Chaiti, a local entity that has actively promoted music from the subcontinent, will be hoping to do just that when it hosts a group of classical Indian musicians who will seek to find a common ground with Shanghai-based jazz artists on June 13-14 at the Shanghai Center Theater. They will bring with them their own musical preferences and ideas in the hope of creating a symphony that blends tradition with high-energy eclectic beats.


“I have always been fascinated by Indian music,” says Alec Haavik, who moved to Shanghai from New York City in 2005. “As a jazz musician, I find a huge area of common ground between jazz music and Indian classical music — they are both a fully developed world of musical improvisation. The two systems have important differences, but the commonality is still much larger.

“The goal of all my musical study is always to bring elements together to create a new sound in new fusion music. In a way, this is staying true to one of the essential aspects of jazz, which was from the very beginning a music of cultural fusion,” he says.

There was a time when fusion music was frowned upon by the purists in India, but ironically, it had to be one of them, namely sitar maestro Pandit Ravi Shankar and noted sarod exponent Ustad Ali Akbar Khan, who broke with tradition to jam with some of the big names from the West.


Shankar even played at the musical extravaganza, Woodstock, in 1969 that underlined his influence on western popular music. It kick started his long association with West during which he befriended names like violinist Yehudi Menuhin and Beatle George Harrison. Harrison even learnt to play the sitar and used it in the hit Beatle number “Norwegian Wood.”

Among other notable artists and bands to integrate Indian influences and develop the trend of fusion were Miles Davis, the Grateful Dead, the Rolling Stones to name just a few.

There is an interesting anecdote which reportedly happened during a concert at Madison Square Garden in 1971. After Shankar tuned up his instrument on stage for over a minute, the crowd broke into applause. The bemused sitarist is said to have told the crowd: “If you like our tuning so much, I hope you will enjoy the playing more ...”

Interestingly, vocalist Sarathi Chatterjee, who is trained in Hindustani classical music, claims he can spot foreign influences even in traditional Chinese music.

“We can find Persian and Indian influence in some Chinese music. In fact, what we call “Raga Khamaj” in Hindustani music is used a lot in traditional Chinese music.”

Chatterjee plans to render some semi-classical composition for the Shanghai audience.
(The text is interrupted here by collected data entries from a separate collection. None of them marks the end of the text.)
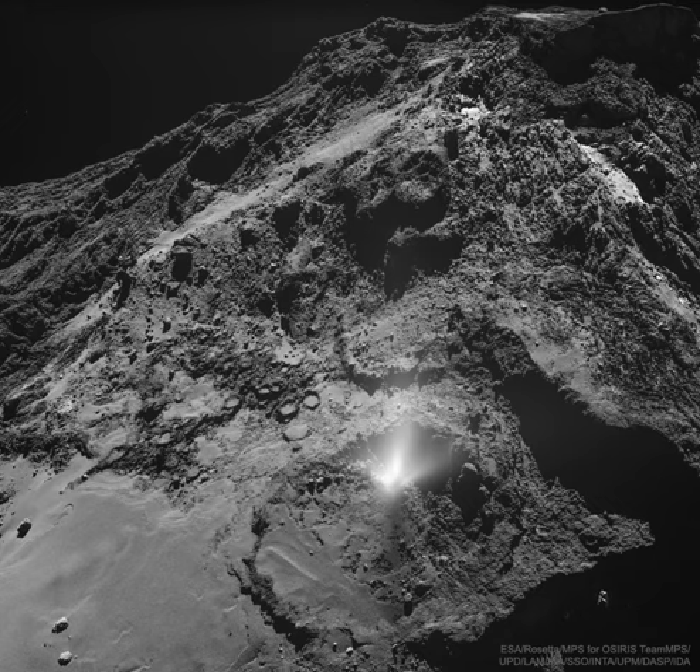Featured is a telling picture showing a bright plume emerging from a small circular dip bounded on one side by a 10-meter high wall.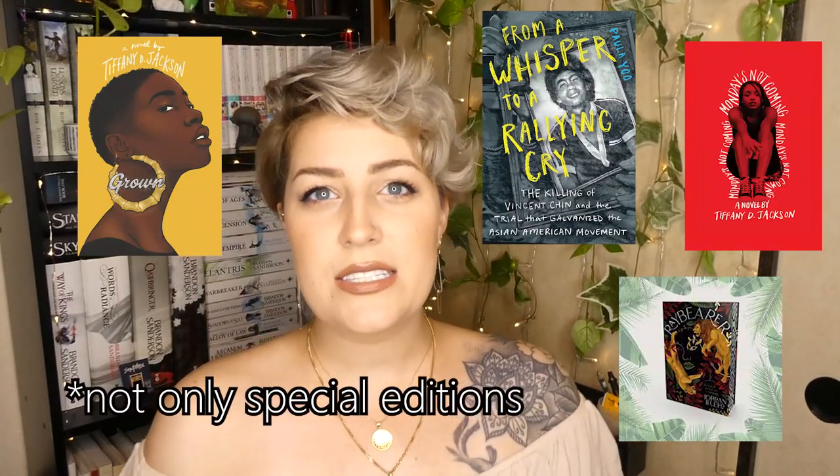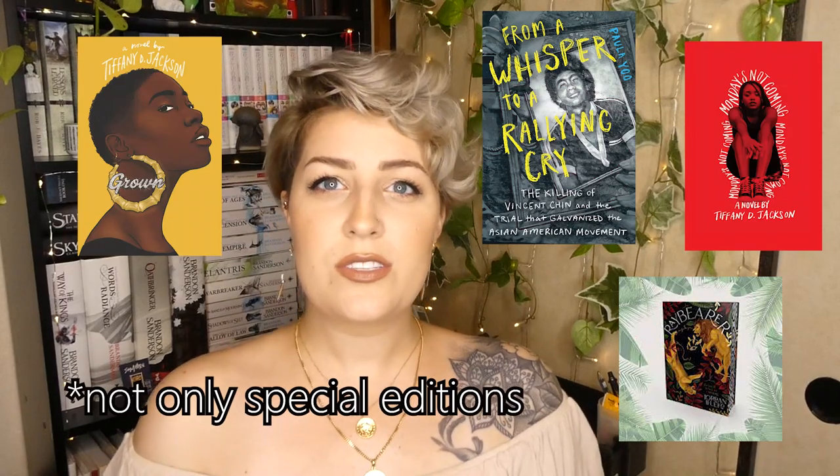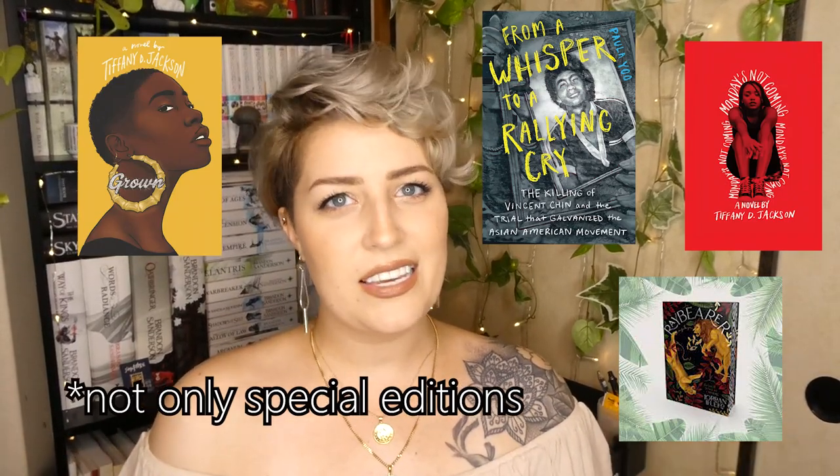The last book haul on my channel was last year in November, and I have been accumulating books since then but just haven't sat down to show you. Just like in that November video, I do have more books — more like special editions — but the shipping to send special editions to myself in Japan is just a bit too pricey, so I often send those to my American house. Since travel has not returned to usual — we're still in a pandemic — I haven't gotten my hands on those books. So there are quite a few books waiting for me in the States; definitely look forward to a huge haul when that happens.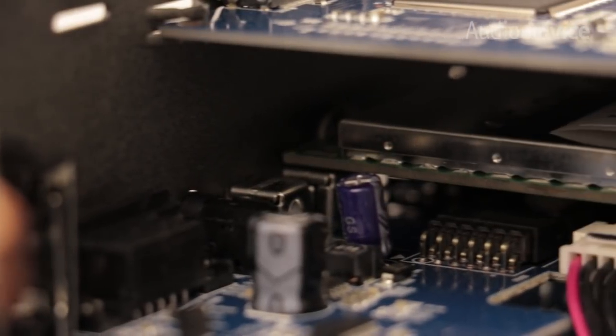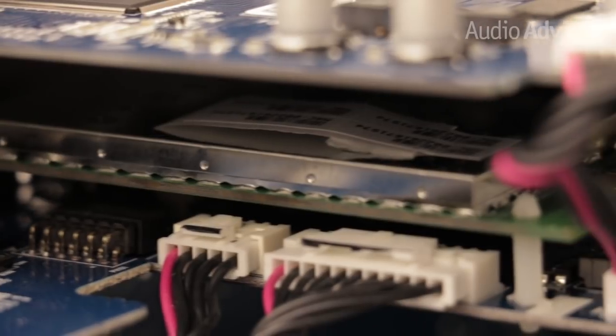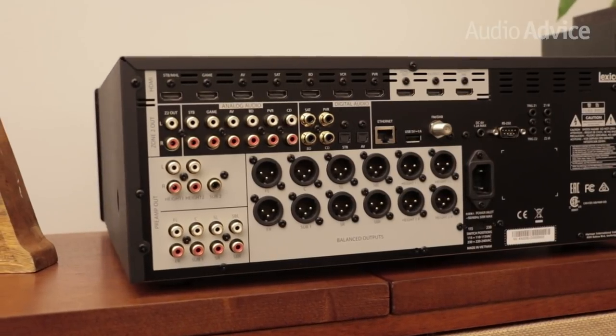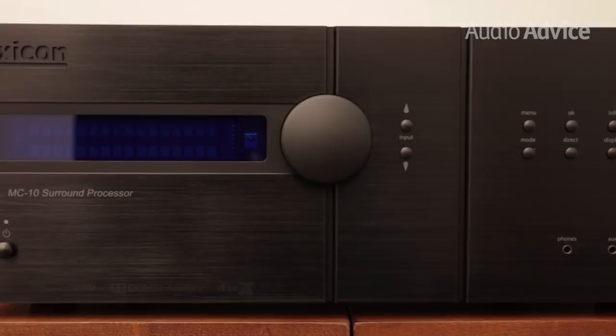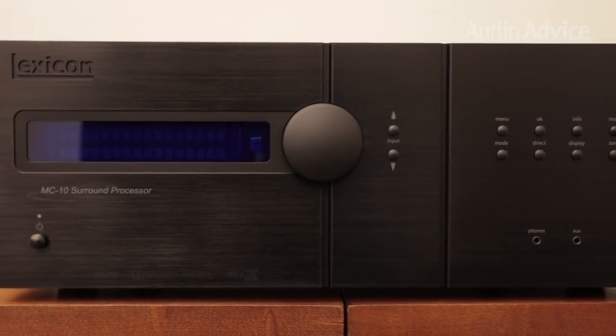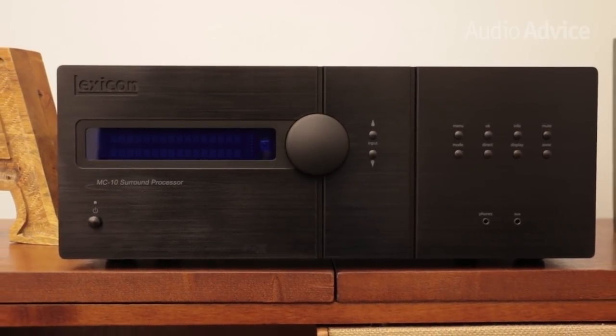The MC-10 has just totally blown us away on how great it sounds compared to anything else even remotely close to its price. It has some of the best DACs money can buy, and as a general rule, the better the DAC and its supporting circuitry, the better the sound. Another great feature for music lovers is Lexicon's Logic 7 Immersion Upmixer, which takes a two-channel music recording and converts it into multi-channel using Lexicon's decades of recording studio expertise.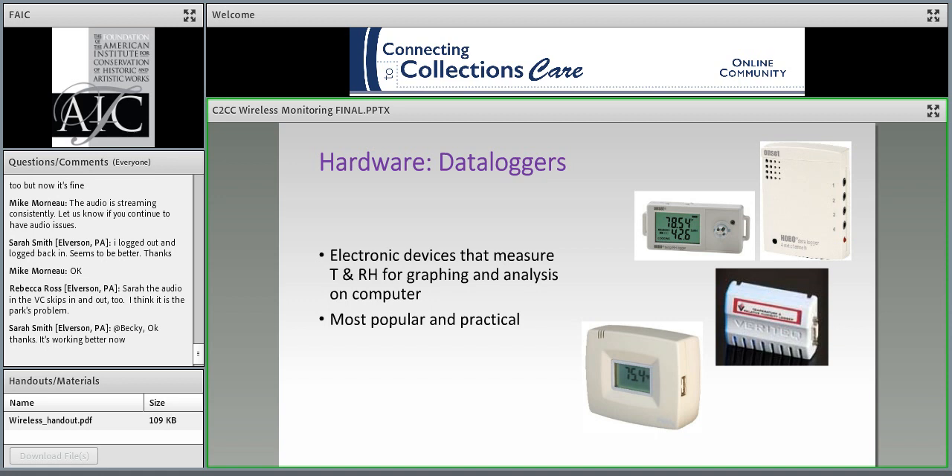So that brings us to the monitor of choice these days: the data logger. A data logger is a general name for a battery-powered device with a sensor and microprocessor that records information—at a minimum, temperature and RH, but also other parameters. I'm interested to see why people might be looking to change their monitoring equipment. Susan, can you pull up poll three?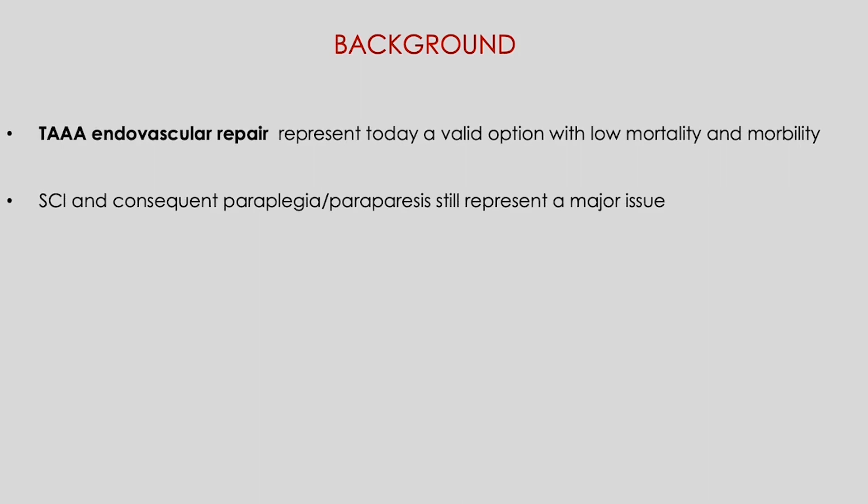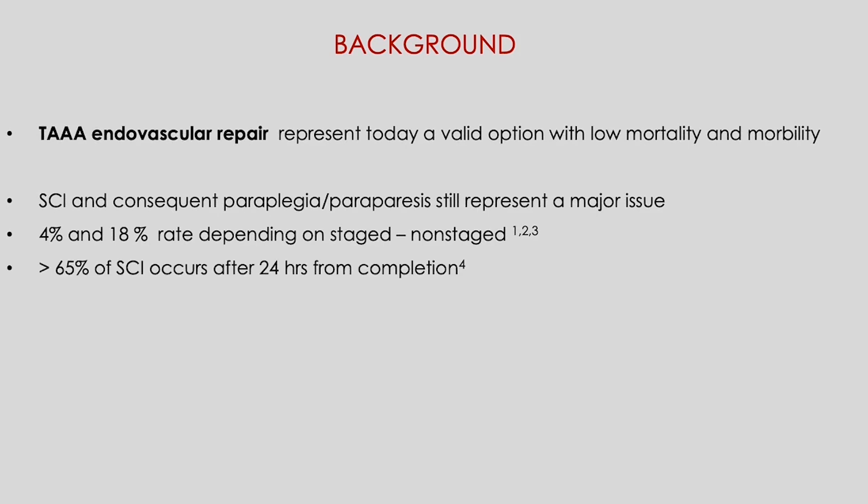Endovascular repair represents today a valid option, even if spinal cord ischemia still represents a major issue, with a rate of 5 to 20%, and more than 65% of cases occurring after 24 hours for completion.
Alec Haavik-bass clarinet_副本.jpg

A learning process

“Some of them are actually extremely catchy tunes and represent regional and seasonal music which I feel would merge extremely well with traditional Chinese and jazz forms.

“I expect it to be an extremely enriching experience ... what can be more enlightening than learning a different genre of music while playing my own style? That is essentially what happens when musicians of completely different styles work together. It is a learning process during which something wonderful is created that incorporates elements of all the different styles.”

Chatterjee will pitch his vocal strength against Haavik and his team — Greg Smith, Fred Grenade, Pan Li and Li Daiguo — all familiar names in the local jazz scene, on June 14.

“I am particularly excited about our upcoming concert as I will have the opportunity to perform some of my original music which was inspired by Indian music,” says Haavik. “My piece ‘Mind Is a Time Machine’ is based on a 35-beat rhythmic pattern which I developed and have been performing for years. I have always felt it would be quite at home in the realm of Indian music. This piece even includes a vocal segment with English lyrics, which I wrote in the style of traditional Indian vocal music.”

On June 13, local fans will be introduced to Indian instrumental — sitar, tabla and flute — and classical music. The performance will also feature an interesting “jugalbandi,” or duet of musicians. In “jugalbandi,” both musicians act as lead players, and a playful competition exists between the two performers.